Rascher Zugang zu neuem Wissen

Denn KMU haben bei Digitalisierungsprojekten mit zwei Problemen zu kämpfen: „Mangelnde Ressourcen und Know-how“, meinte Projektleiter FH-Prof. Veit Kohnhauer bei der Präsentation. Das DZT biete daher raschen und unkomplizierten Zugang zu aktuellem Wissen. Unternehmen können sich an das DTZ wenden und anhand von Demonstrationen sehen, wie Technologien grundsätzlich funktionieren. Auf Wunsch werden Lösungsvorschläge erarbeitet und je nach Problemlage aus neutraler Position heraus auch Forscher oder IT-Dienstleister vermittelt. Darüber hinaus gibt es Veranstaltungen und Einzelmodule zu Schwerpunktthemen.

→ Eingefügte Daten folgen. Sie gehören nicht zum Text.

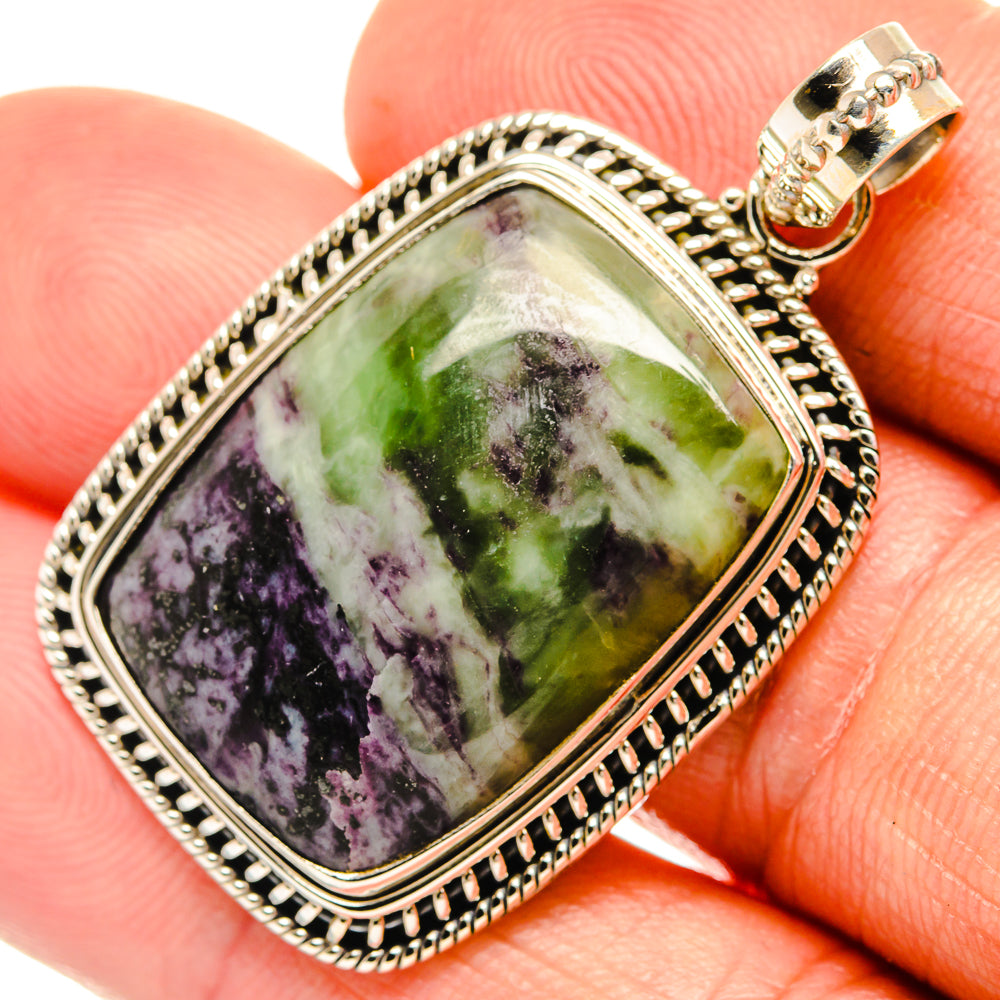 Kammererite Pendants handcrafted by Anasilvercos - PD27631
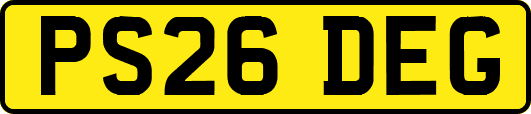 PS26DEG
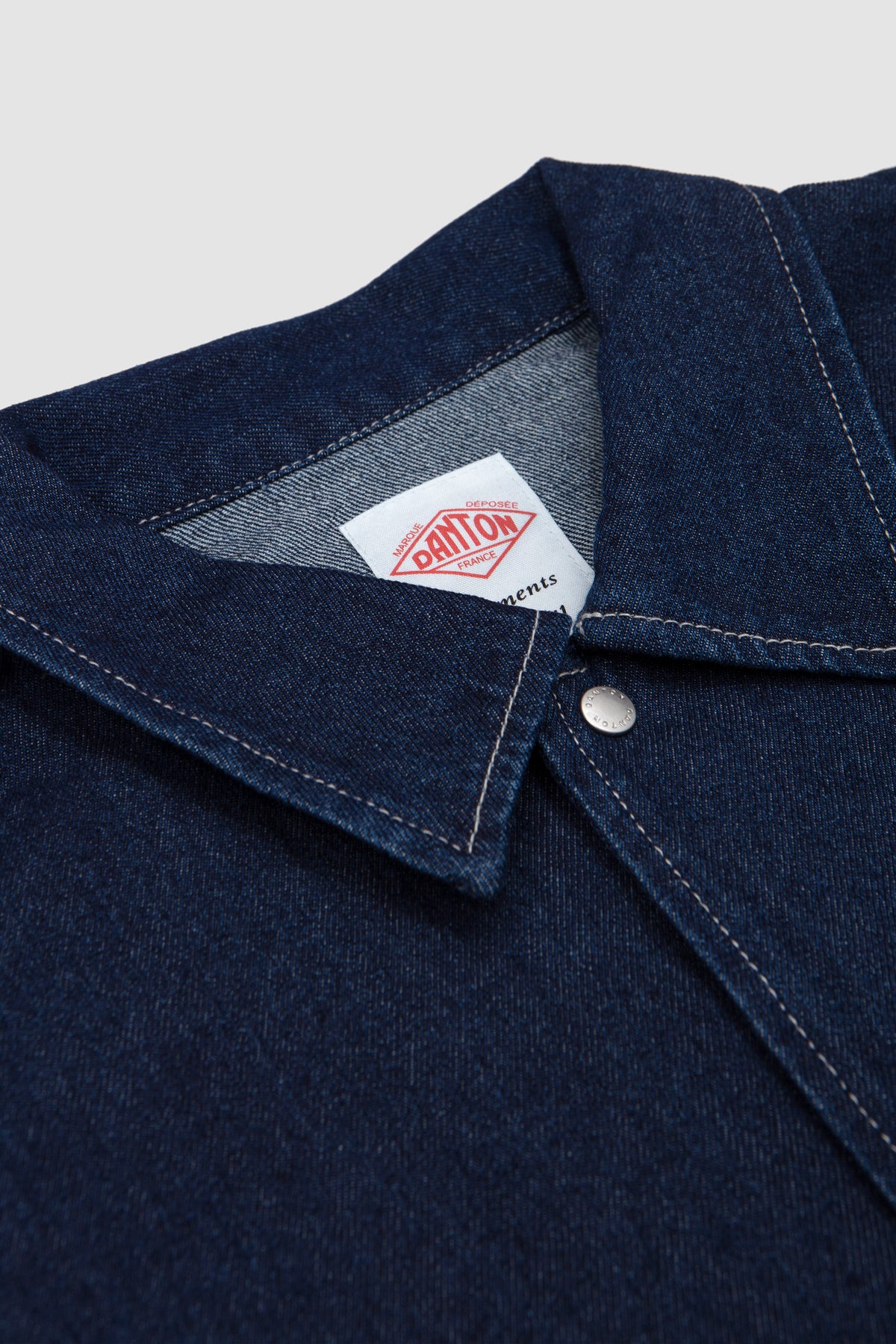 Coverall Shirt 10OZ Denim Indigo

In vier großen Themenbereichen bietet das DTZ Praxisbeispiele und Wissenstransfer an:

  • Im Bereich „Digital Twins“ geht es um Simulationen von Produkten, Anlagen und Prozessen.
  • „Smart Logistics & Mobility“ behandelt neue Technologien von selbstfahrenden Transportern bis zum Einsatz der Blockchain in internationalen Lieferketten.
  • Der Bereich „Kollaborative Fertigung“ widmet sich der Zusammenarbeit von Robotik-System mit Menschen im Produktionsprozess.
  • „Digitale Geschäftsmodelle & Smart Services“ veranschaulicht die Möglichkeiten digitaler Transformation in neuen Geschäftsmodellen und für datenbasierte Dienstleistungen. Hier wird zum Beispiel auch demonstriert, wie „Augmented Reality“ zum Einsatz kommen kann.
Im Bild von links Siegfried Reich, GF Salzburg Research, Landeshauptmann Wilfried Haslauer, WKS-Vizepräsident Marianne Kusejko, GF der Sigmatek, FH-Prof. Veit Kohnhauser, und ITG-Geschäftsführer Walter Haas.
© Neumayr Im Bild von links Siegfried Reich, GF Salzburg Research, Landeshauptmann Wilfried Haslauer, WKS-Vizepräsident Marianne Kusejko, GF der Sigmatek, FH-Prof. Veit Kohnhauser, und ITG-Geschäftsführer Walter Haas.
„Wir haben die besten Köpfe für die Wirtschaft gebündelt“
ITG-Geschäftsführer Walter Haas

Mit dem DTZ selbst wird in Salzburgs Technologie- und Forscherszene eine neue Qualität der Zusammenarbeit deutlich. „Es ist der Kooperations-Virus am Standort ausgebrochen“, bekräftigte Walter Haas, Geschäftsführer der ITG, den neuen Zug zur Zusammenarbeit. Mehr interdisziplinäre Zusammenarbeit eröffne für Salzburg große Potenziale. Mit dem DTZ könne nun die Forschungskompetenz von Salzburg Research und FH zum Nutzen der Unternehmen sichtbar gemacht werden. Walter Haas: „Wir haben die besten Köpfe für die Wirtschaft gebündelt“. Die ITG hat die Entwicklung des Zentrums in allen Phasen unterstützt und begleitet.

Für Siegfried Reich, Geschäftsführer der Salzburg Research, stellt das DTZ aber auch die Chance dar, im Standortwettbewerb in Österreich und darüber hinaus stärker aufzuzeigen, wie eine intelligente Zusammenarbeit funktionieren kann. Vor allem wolle man aber die Unternehmen bei ihren Technologieentscheidungen unterstützen.

Marianne Kusejko, Geschäftsführerin der Sigmatek GMBH & Co KG, ein Spezialist für Automatisierungstechniken, begrüßte jedenfalls das DTZ: „Digitalisierung betrifft alle Unternehmen, ob groß oder klein und ist entscheidend für Standortsicherung und Wettbewerbsfähigkeit. Das DTZ ist für mich ein ‚missing link‘ zwischen Forschung und Unternehmenswelt“.